Liddells ‘Salted caramel’ lactose free cheesecake


1 litre Liddells Lactose Free Full Cream Milk
1¼ cups (300g) caster sugar
1 teaspoon fine salt, or to taste
¼-½ teaspoon baking soda (see notes)
1 cup (100g) almond meal
1 cup (100g) tapioca flour
¼ cup (60g) caster sugar
1 teaspoon vanilla bean paste
100g butter substitute, melted
3 tubs Liddells Lactose Free Cream Cheese (at room temperature)
3 extra large eggs
1 cup (240g) caster sugar
2 teaspoons vanilla bean paste
2 tablespoons fresh lemon juice
¼ teaspoon fine salt
24cm diameter springform tin
Stand mixer or hand beaters


Step 1


Place the milk and sugar in a large saucepan over a medium heat. Allow to heat, stirring intermittently, until the milk is just below bubbling, around 10 minutes.

Add the baking soda and stir to combine. It should bubble a little. Turn the heat down to a very low heat, add the salt, and continue to cook the mixture for around 50-70 minutes.  Stir it every once in a while to ensure the solids aren’t sticking the bottom as the mixture cooks. Skim off any bubbles or scum from the top as and when it appears.

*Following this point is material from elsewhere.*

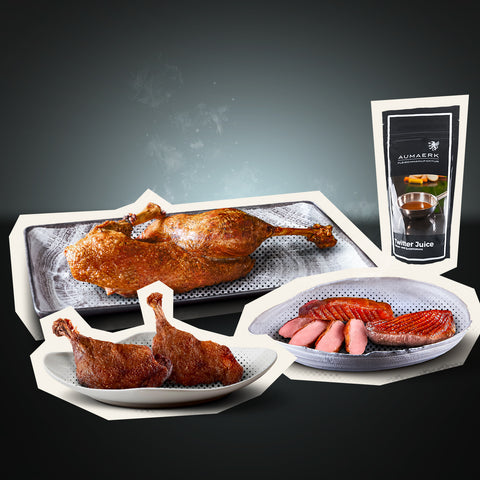 wie lange kann man ente im kühlschrank aufbewahren AUMAERK FÜR ZWEI!" -Fleischbox mit Ente „Enten-Trio“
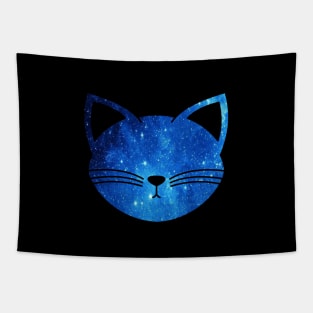 Galaxy Cat | Blue Tapestry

Once the mixture thickens considerably, you should be able to create a temporary trail along the bottom of the saucepan with your spatula before the dulce de leche snaps back. At this point, stir much more regularly, keeping your eyes on the pot at all times. Dulce de leche does thicken a little as it cools. The mixture should easily coat the back of a spoon.

Once done, remove the dulce de leche from the heat. Gently pass it through a fine meshed sieve to remove the remaining bits and impurities. This can be done directly in a clean, dry jar, or whatever vessel you plan to use it in. Stores well in the fridge.